×
google news

Reddit hit with £14m fine for failing to protect children’s data

The UK Information Commissioner's Office fined Reddit over £14 million after finding that the platform lacked robust age checks, exposing children to inappropriate content and unlawful data processing

UK regulator fines Reddit over failing to protect children’s data

The UK’s Information Commissioner’s Office (ICO) has hit Reddit with a hefty penalty after finding the platform did not do enough to safeguard the personal information of young users.

The regulator concluded that Reddit’s age checks were weak, leaving children — including those under 13 — exposed to privacy harms and inappropriate content. The fine topped £14 million and came with an order to tighten age-verification procedures.

What the ICO found

Investigators discovered that Reddit relied largely on self-declared ages, a method the ICO judged easily bypassed and unsuitable where children are likely to be present.

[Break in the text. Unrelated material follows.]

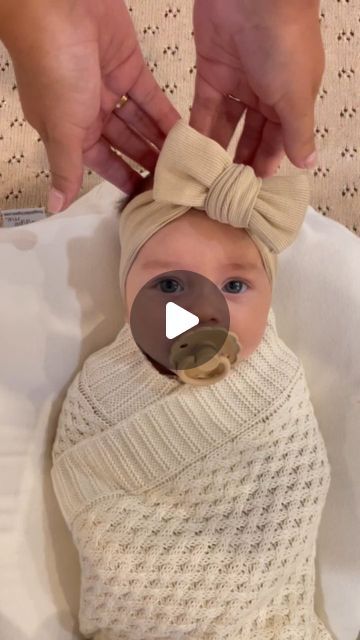 200K views · 10K likes | Snuggle Hunny on Instagram: "We love how @the.iuga.girls ties our topknots into a bow! How great is this!? I think we need a lesson as well!🌸🎀✨

#snugglehunny #snugglehunnykids #babygirl #babyfashion #bowtutorial" Tie Bows With Ribbon, 200k Views, Newborn Bows, Bow Tutorial, Tie Knots, Baby Bows, Top Knot, Ribbon Bows, Hair Ties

Because the platform couldn’t demonstrate a reliable way to confirm users’ ages, the regulator said there was no lawful basis to process the data of children under 13.

The ICO also found Reddit did not take sufficient steps to prevent underage users from encountering material that could harm them.

Why this matters for business and ESG

This ruling reaches beyond one company. For boards and compliance teams, it’s a reminder that data governance and user safety are now core elements of corporate responsibility. Poor age assurance carries direct financial risk — fines, remediation costs — and indirect damage: loss of user trust and reputational fallout. Companies that treat age verification as an afterthought may find themselves on the wrong side of both regulators and public opinion.

Practical steps platforms should take

Effective age assurance is layered, not single-solution. Practical measures include:
– Stronger age-gating and conservative defaults when a user’s age is uncertain.
– Parental consent workflows or optional parental verification for younger accounts.
– Privacy-by-default settings for suspected minors, reducing data collection and limiting profiling.
– Technical options such as credential checks, document verification where lawful, and behaviour-based risk scoring.
– Design choices that avoid promoting content known to be harmful to children and that limit algorithmic amplification of inappropriate material.
– Regular auditing, monitoring and transparent documentation of tests, risk assessments and remediation.

Where verification is impractical, platforms should err on the side of restricting access and data processing. Treat age assurance as an ongoing programme: pilot controls, evaluate results, and iterate.

Regulatory expectations and enforcement outlook

Regulators want more than policies on paper. The ICO expects demonstrable, auditable safeguards — evidence that checks are tested, updated and actually reduce risk. Enforcement will focus on repeated failures and on organisations that can’t show improvement. Firms that adopt continuous monitoring, third‑party validation or external audits are likely to reduce enforcement exposure.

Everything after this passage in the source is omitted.